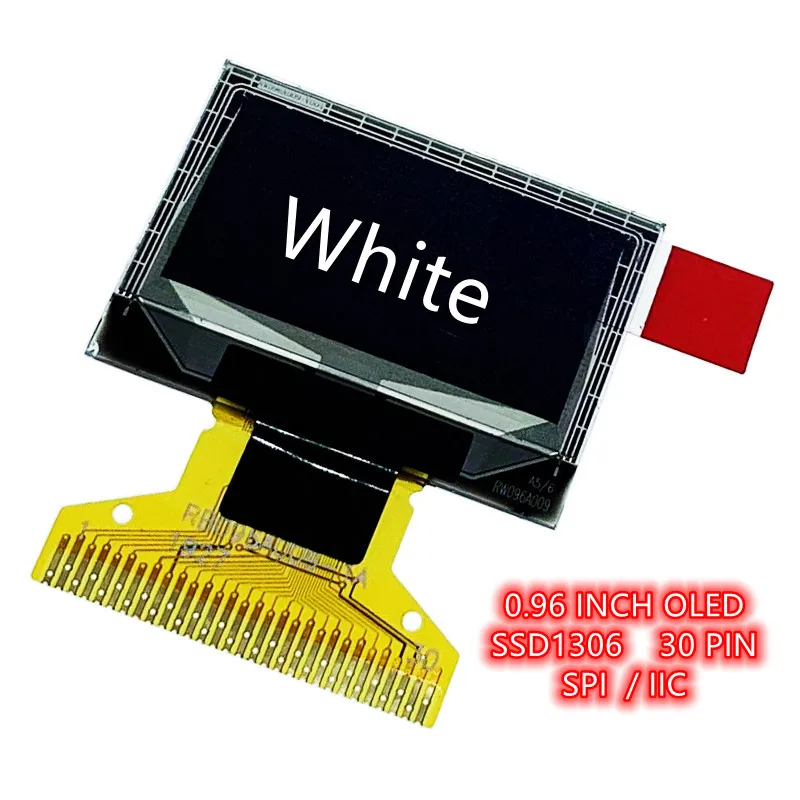 Большим спросом пользуется 0,96-дюймовый OLED-дисплей 128*64 LCD С последовательным экраном ssd1306 full view SPI-IIC Интерфейс Белый 30PIN Изображение 1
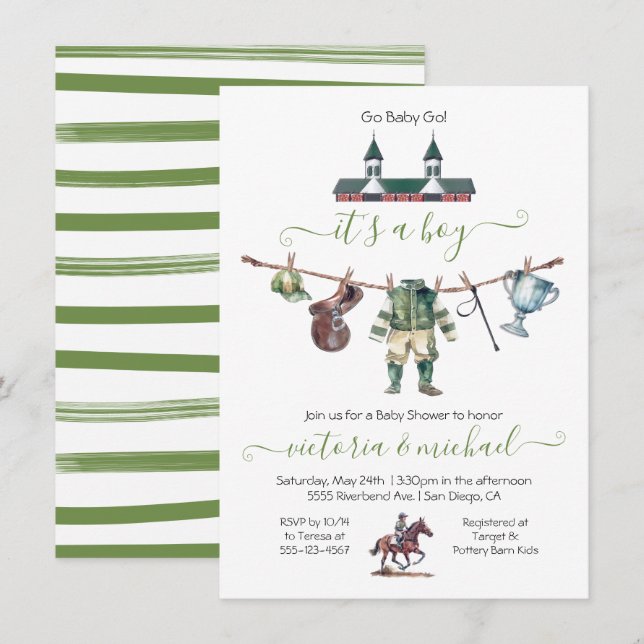 Invitation Derby Horse Racing Baby shower Clothesline (Devant / Derrière)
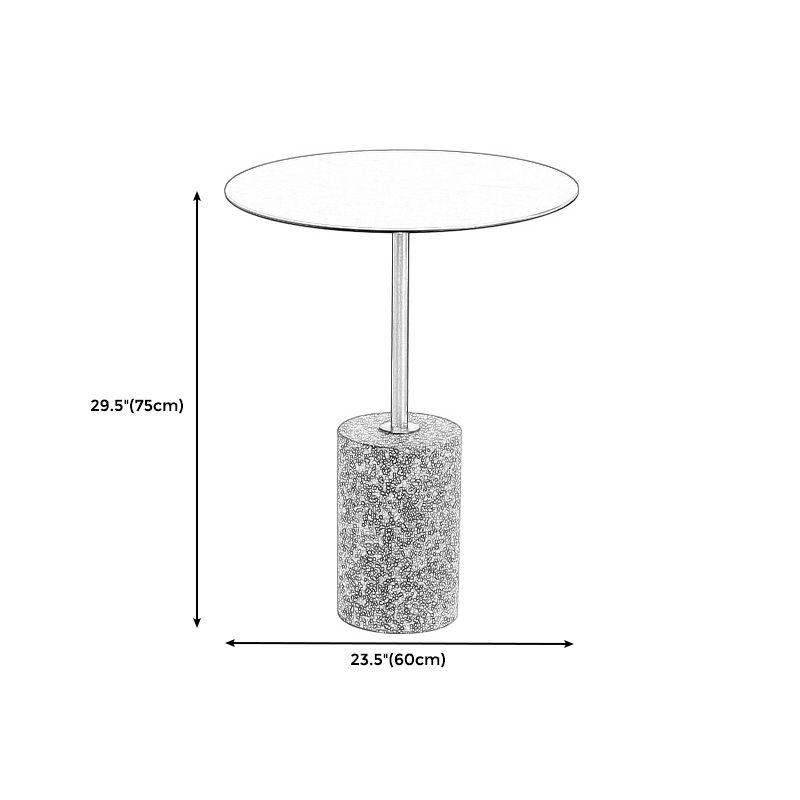 Tavolo contemporaneo di fascia laide rotonda con una singola base in terrazzo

■ **PROBLEM STATEMENT**: An exact copy of the material above is required, minus its images.

■ **EXERCISE RESPONSE**:
 Большим спросом пользуется 0,96-дюймовый OLED-дисплей 128*64 LCD С последовательным экраном ssd1306 full view SPI-IIC Интерфейс Белый 30PIN Изображение 1
 Invitation Derby Horse Racing Baby shower Clothesline (Devant / Derrière)
 Tavolo contemporaneo di fascia laide rotonda con una singola base in terrazzo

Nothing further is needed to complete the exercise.